Le 17 novembre dernier, les services de la Pastorale de la Santé et du service de formation du diocèse ont proposé une journée de réflexion ouverte à tous sur les enjeux de la fin de vie.

Jean Matos, formateur en éthique du soin auprès de nombreux établissements médicaux et médico-sociaux et travaillant avec Mgr d’Ornellas sur les questions éthiques, nous a invité tout d’abord à nous méfier de nos certitudes comme étant des vérités absolues. S’il est bon d’avoir des convictions, il est moins bon de les imposer aux autres ! Chacun a en soi une part de vérité, cette vérité étant faite de nuances en fonction de nos sensibilités culturelles, éthiques ou spirituelles.

 

Pas de dignitomètre pour mesurer le dignité des individus

Le mot « dignité » par exemple illustre un concept différent pour les personnes qui désirent  « mourir dans la dignité ». Pour Jean Leonetti, ancien député français et à l’origine de la loi relative à la fin de vie de 2005, il n’existe pas de « dignitomètre », appareil de mesure donnant la dignité d’un individu. Tous nous avons la même dignité, la même valeur, à l’image d’un billet de banque selon qu’il soit froissé ou tout lisse sortant du distributeur !

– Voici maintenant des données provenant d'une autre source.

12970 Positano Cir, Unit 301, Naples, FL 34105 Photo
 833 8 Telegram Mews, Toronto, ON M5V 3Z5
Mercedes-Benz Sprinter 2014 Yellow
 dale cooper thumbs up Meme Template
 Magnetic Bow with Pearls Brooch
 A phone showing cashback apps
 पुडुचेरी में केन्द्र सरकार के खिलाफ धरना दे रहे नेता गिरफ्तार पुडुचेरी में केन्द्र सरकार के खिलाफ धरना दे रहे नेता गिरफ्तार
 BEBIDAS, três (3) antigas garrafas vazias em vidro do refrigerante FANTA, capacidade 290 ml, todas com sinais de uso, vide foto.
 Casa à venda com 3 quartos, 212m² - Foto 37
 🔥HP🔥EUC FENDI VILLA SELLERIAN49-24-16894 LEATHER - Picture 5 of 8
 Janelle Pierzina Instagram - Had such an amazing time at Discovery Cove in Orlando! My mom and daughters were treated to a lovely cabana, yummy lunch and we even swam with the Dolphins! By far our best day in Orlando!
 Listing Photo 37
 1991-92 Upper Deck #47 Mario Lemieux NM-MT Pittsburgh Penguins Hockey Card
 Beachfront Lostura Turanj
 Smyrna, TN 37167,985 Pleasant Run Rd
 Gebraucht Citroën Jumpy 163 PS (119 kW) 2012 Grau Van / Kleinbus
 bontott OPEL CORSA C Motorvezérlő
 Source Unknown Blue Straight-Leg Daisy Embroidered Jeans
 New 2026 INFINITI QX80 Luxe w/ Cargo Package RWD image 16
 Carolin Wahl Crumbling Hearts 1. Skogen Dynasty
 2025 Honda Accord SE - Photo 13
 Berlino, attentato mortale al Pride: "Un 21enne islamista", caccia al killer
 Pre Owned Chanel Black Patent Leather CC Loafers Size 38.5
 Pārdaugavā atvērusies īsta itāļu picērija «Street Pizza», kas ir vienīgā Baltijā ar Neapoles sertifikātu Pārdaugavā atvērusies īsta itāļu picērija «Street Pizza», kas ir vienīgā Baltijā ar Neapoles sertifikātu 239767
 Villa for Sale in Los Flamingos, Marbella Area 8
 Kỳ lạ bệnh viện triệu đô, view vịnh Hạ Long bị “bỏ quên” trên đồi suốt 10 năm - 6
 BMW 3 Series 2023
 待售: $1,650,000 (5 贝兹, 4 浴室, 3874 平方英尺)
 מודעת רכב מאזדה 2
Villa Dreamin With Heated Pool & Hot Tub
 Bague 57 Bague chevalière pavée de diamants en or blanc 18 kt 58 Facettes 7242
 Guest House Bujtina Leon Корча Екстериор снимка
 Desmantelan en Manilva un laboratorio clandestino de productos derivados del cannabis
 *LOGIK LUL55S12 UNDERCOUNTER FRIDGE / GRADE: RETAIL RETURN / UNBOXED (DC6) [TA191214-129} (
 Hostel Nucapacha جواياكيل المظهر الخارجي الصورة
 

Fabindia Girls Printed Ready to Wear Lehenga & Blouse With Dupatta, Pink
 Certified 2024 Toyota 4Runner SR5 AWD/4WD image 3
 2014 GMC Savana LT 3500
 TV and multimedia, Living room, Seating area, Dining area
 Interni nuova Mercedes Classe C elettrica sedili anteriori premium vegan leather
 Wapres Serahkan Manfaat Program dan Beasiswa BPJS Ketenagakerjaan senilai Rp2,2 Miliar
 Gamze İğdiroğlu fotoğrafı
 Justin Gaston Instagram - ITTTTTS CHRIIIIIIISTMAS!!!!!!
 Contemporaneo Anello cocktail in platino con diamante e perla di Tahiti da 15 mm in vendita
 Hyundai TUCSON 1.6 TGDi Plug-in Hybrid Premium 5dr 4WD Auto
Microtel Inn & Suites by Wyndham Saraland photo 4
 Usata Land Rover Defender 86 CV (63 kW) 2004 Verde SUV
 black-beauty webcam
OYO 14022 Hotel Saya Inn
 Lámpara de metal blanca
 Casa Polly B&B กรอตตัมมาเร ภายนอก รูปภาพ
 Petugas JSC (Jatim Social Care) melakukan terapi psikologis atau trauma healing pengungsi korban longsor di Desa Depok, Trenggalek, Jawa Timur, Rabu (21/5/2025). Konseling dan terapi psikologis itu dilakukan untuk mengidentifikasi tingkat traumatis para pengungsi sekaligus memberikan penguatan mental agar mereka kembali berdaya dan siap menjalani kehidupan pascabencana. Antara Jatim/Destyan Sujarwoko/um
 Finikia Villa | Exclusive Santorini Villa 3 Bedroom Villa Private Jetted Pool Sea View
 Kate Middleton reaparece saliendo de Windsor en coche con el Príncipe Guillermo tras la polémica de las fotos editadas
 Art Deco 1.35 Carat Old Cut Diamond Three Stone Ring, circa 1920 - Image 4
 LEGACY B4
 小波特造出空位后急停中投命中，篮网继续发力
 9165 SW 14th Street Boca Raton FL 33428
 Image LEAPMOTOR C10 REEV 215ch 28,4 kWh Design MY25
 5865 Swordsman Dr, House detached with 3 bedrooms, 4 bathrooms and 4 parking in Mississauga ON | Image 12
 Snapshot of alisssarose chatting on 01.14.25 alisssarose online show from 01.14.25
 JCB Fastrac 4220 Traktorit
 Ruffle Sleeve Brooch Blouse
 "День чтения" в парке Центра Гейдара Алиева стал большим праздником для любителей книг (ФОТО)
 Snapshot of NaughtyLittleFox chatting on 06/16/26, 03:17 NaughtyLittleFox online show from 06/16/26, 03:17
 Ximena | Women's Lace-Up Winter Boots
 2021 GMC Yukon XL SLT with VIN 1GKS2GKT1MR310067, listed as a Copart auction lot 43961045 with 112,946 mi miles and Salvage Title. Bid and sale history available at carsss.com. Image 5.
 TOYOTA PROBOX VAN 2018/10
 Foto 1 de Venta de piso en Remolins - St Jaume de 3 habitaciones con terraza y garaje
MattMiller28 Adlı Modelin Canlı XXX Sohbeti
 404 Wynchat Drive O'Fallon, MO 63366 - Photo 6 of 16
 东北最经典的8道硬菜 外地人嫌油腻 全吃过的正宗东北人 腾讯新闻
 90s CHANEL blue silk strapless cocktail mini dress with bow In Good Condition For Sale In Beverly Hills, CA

Aujourd’hui en France, le code de santé publique impose que « Toute personne prend, avec le professionnel de santé et compte tenu des informations et des préconisations qu’il lui fournit, les décisions concernant sa santé » CSP L 1111-4

 

Nécessité de clarifier le vocabulaire

Jean Matos a clarifié les termes de « suicide assisté », « euthanasie », passive et active,  « sédation profonde ». Il a rappelé l’importance des « directives anticipées », de la personne de confiance et des nouveaux droits des malades que donne la loi Claeys-Leonetti à partir de février 2016.

Cette journée nous a permis de mettre des mots sur des termes parfois mal compris, mais aussi d’échanger les uns avec les autres sur la réalité de nos vies de soignants, de bénévoles en aumônerie ou d’aidants familial ou amical dans le cadre des accompagnements des personnes en fin de vie que nous côtoyons. Jean Matos nous aidé à réfléchir avec dynamisme et humour ; le Père Perdrix, vicaire général chargé de l’accompagnement de la Pastorale de la santé, nous a confiés au Seigneur dans cette présence auprès des personnes malades que nous vivons chacun dans la variété de nos quotidiens : la journée fut belle et riche, porteuse d’Espérance et de Fraternité !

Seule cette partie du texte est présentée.